Dari Husyraj bin Ziyad al-Asyja'i dari neneknya, ibu ayahnya (Ummu Ziyad al-Asyja'iyyah), bahwa pada perang Khaibar dia keluar bersama Nabi Saw dan lima orang wanita lainnya. Ketika Nabi Saw tiba, beliau menemui mereka dan bertanya, "Apa yang membuat kalian keluar dan dengan perintah siapa kalian keluar?"
Lalu Ummu Ziyad dan kawan-kawan menjawab, "Kami keluar membawa
obat-obatan untuk mengobati yang terluka, kami akan mencabut anak panah, memberi
minum, melantunkan syair dan membantu berjuang di jalan Allah."
Rasulullah
Saw berpesan,
"Berdirilah dan pulanglah." Ketika Allah SWT memberi kemenangan di Khaibar, Rasulullah Saw membagi kurma untuk
mereka seperti buat
laki-laki.[1]
Dari
al-Rabi' binti Mi'wadz, dia berkata, "Kami berperang bersama Nabi Saw.
Kami memberi minum pasukan, membantu mereka, mengobati yang terluka dan membawa
yang tewas ke Madinah."[2]
Riwayat lain dari Anas ra, dia berkata, "Rasulullah Saw pernah berperang
bersama Ummu Sulaim dan beberapa orang wanita Anshar. Saat perang, mereka memberi
minum dan mengobati yang terluka."[3]
Ummu
Athiyah berkisah, "Aku berperang bersama Rasulullah
Saw dalam beberapa peperangan. Aku mengobati yang terluka, membuatkan makanan
dan mengiringi rombongan mereka."[4]
Ibnu
Ishaq menyebutkan bahwa ketika Sa'ad bin Mu'adz terluka pada perang Khandaq, Rasulullah
Saw memerintahkan, "Bawalah dia ke kemah Rafidah
di masjid sampai aku menjenguknya nanti." Rafidah al-Anshariyyah atau
al-Aslamiyyah adalah seorang wanita yang mengobati orang yang terluka dan dia
selalu membantu orang Islam yang terlantar.[5]
Dari Mahmud bin Labid, Al-Bukhari
meriwayatkan dalam "al-Adab al-Mufrad", dia bercerita, "Ketika Sa'ad bin Mu'adz
terluka pada Perang Khandaq, dikatakan kepadanya, ‘Bawalah dia ke tempat seorang wanita yang dipanggil Rafidah, dia
mengobati orang-orang yang terluka.’ Jika Rasulullah Saw melewatinya, baik sore ataupun pagi, beliau
bertanya, ‘Bagaimana keadaanmu?’ Lalu Sa'ad memberitahu keadaannya.”
Abu
Umar bin Abdil Bar mengisahkan,
"Ka'biyah binti Said al-Aslamiyah ikut dalam perang Khaibar bersama Rasulullah
Saw.

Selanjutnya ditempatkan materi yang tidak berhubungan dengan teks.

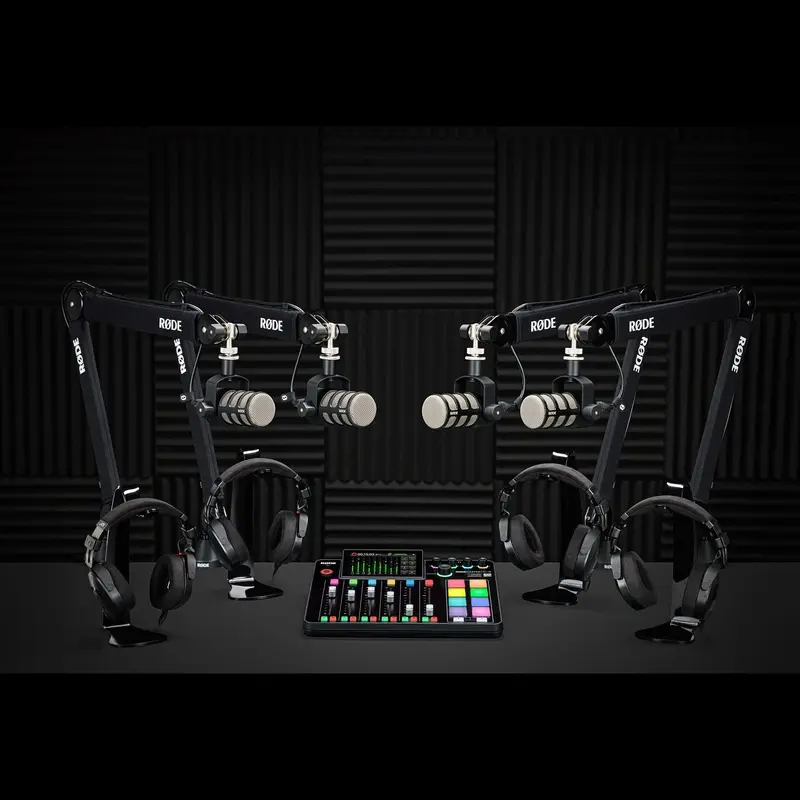 Rode RODECaster Pro II Four-Person Podcast Kit (Ultimate Podcaster Bundel)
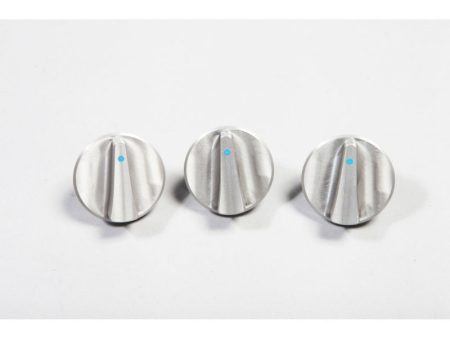 Rugged Ridge Alum Climate Control Knob Set Blue 07-10 Jeep Wrangler JK Online Sale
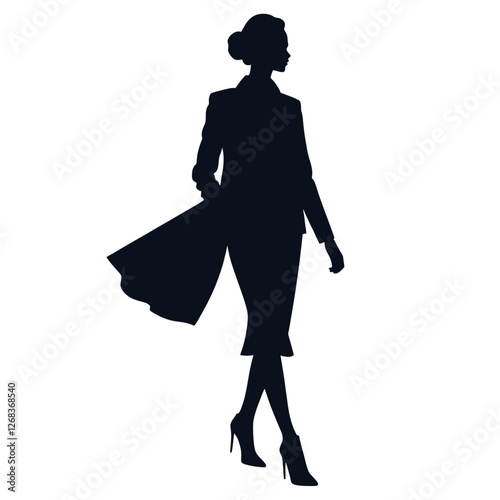 A fashion silhouette. PNG and Vector 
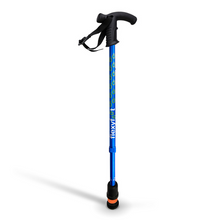 Load image into Gallery viewer, Flexyfoot  Derby Handle  Walking Stick - Blue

Lalu beliau memberinya panah. Ibnu Sa'ad berkata, ‘Dialah yang berada di masjid untuk mengobati orang sakit dan orang
yang terluka.’ Sa'ad bin Mu'adz ketika terkena
panah, dibawa ke tempatnya, lalu dia merawat lukanya sampai Sa'ad meninggal
dunia."
Dari
Umayyah binti Abi al-Shalt, seorang wanita dari Bani
Ghifar berujar, "Aku datang menemui Rasulullah Saw bersama beberapa orang
wanita dari Bani Ghifar. Kami memohon, ‘Wahai Rasulullah, kami ingin ikut
bersamamu ke arah timur Khaibar. Kami akan mengobati yang terluka dan membantu
pasukan Islam semampu kami.’ Lalu Rasulullah Saw menjawab, ‘Semoga Allah memberkati kalian’.”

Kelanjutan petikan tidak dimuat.